7 June 2009
Having to strip down the front of the car to get to remove the timing cover to check for possible pressure relief valve problem I decided to replace the ugly rubber oil hoses with better looking braided type from Earls. As I am making the hoses up myself I have cut the hoses for a better fit. This took me morning to complete and well worth the effort I think. I later took these hoses back to Earls to get them pressure checked and there were fine at 400PSI!
As you can see the hoses do not protrude beyond the oil cooler unlike the Westfield supplied ones.
Remote filter head, the 90 degree unions are actually a little closer aswell.
I have also employed some proper alloy hose separators
For comparison, here's a photo of the standard solution

21 June 2009
Session 291 - Oil pressure problem
A couple of weeks ago after I started my engine up for the first time I commenced to tune the fuel and igntion maps, etc. Whilst doing this I lost oil pressure which thankfully I noticed pretty much immediately and turned the engine off.
I have spent quite a bit of time over the last weekends, stripping down bits of engine to explore and remedy the problem. Cutting a very long story short the problem turned out to be quite literally the last thing I checked, the oil strainer. So convinvced that this was not the problem! Anyway it transpired that one of the Rover OEM strainer to block bolts was 2mm longer and that I had installed this in the threaded hole closest to the crank bearing cap! As these bolts were OEM I had note measured the lengths of the bolts of the threaded hole. Lesson here, never, never, never assume the bolts are correct even if OEM. Unfortunately the bolt was only 0.75mm too long meaning it would not have been obvious and torquing this bolt up would not employ suffient clamping force under the bolt head leading to the bolt loosening as it did.

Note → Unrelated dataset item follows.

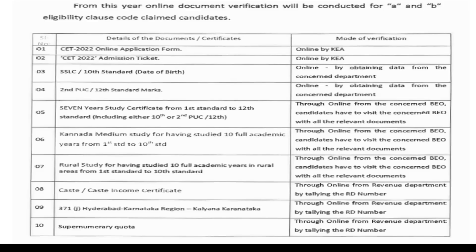As per schedule, the documents required are seven-year study certificates, Karnataka medium study certificates, and rural study certificates. These documents need to be verified through the concerned BEO. Once your documents are verified — seven-year study certificates, Karnataka medium, and rural study certificates — the document verification is complete and you can submit the verification slip.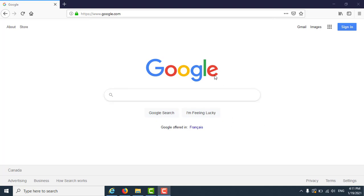Hello. Welcome to the New Brunswick Public Library Service's Rosetta Stone tutorial. Today we will do an overview of how to find Rosetta Stone on the New Brunswick Public Library Service website, how to log in, and how to use and get started with learning languages in Rosetta Stone.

Today, I finished off re-assembling the engine, re-filling with oil, well expensive millers 20w50 racing oil. Re-fill of coolant. Engine was fired up again. It survived, whoah, what a strong engine. No more oil leaks.
27 June 2009
7 hours
Yesterday I discovered that the oil I was using 20w50 is for the earlier rovers with the cam driven oil pump. The crank driven oil pump can handle a lighter weight oil which gives better protection for winter starting; 10w40 semi synthetic. So I done a quick oil change, i.e only the sump oil, that's still 5 litres! I oiled my conical air filter with K&N oil. Changed my spark plugs, the others so quite fouled from sub-optimal tuning and they are cheap enough not to bother cleaning them! I used the opportunity to conduct a compression quick which indicated 195psi which is superb.
My main effort today was tuning the fuel mixture at idle and also improving cold start enrichment, etc. I suspect I will be doing some more tuning here but for now I think it is pretty optimal. A fellow member of the v8 forum was kind enough to email his map as a base for me to start. His engine configuration is very similar to mine although he used much bigger injectors which initially gave me problems trying to get the fuelling right.
As I am super paronoid I decided to check the CO emissions from the exhaust using a loaned gas analyser. I did this to confirm that my lambda sensor and the readout are telling me the correct information. They were so close to one another it was unbelieveable!
Running engine up to temperature I observed that the radiator fan came on at 89degrees. Spot on.
I managed to drive the car out of the garage and back in again, only on idle as I still have the throttle bracket to make up. Idle is around 950rpm which was no problem even on my sloped drive.
Whilst the car was out of the garage I cleaned my garage floor it was a bit oily! I even cleaned the Westfield for the first time in 4 years, hadn't realized how yellow it was.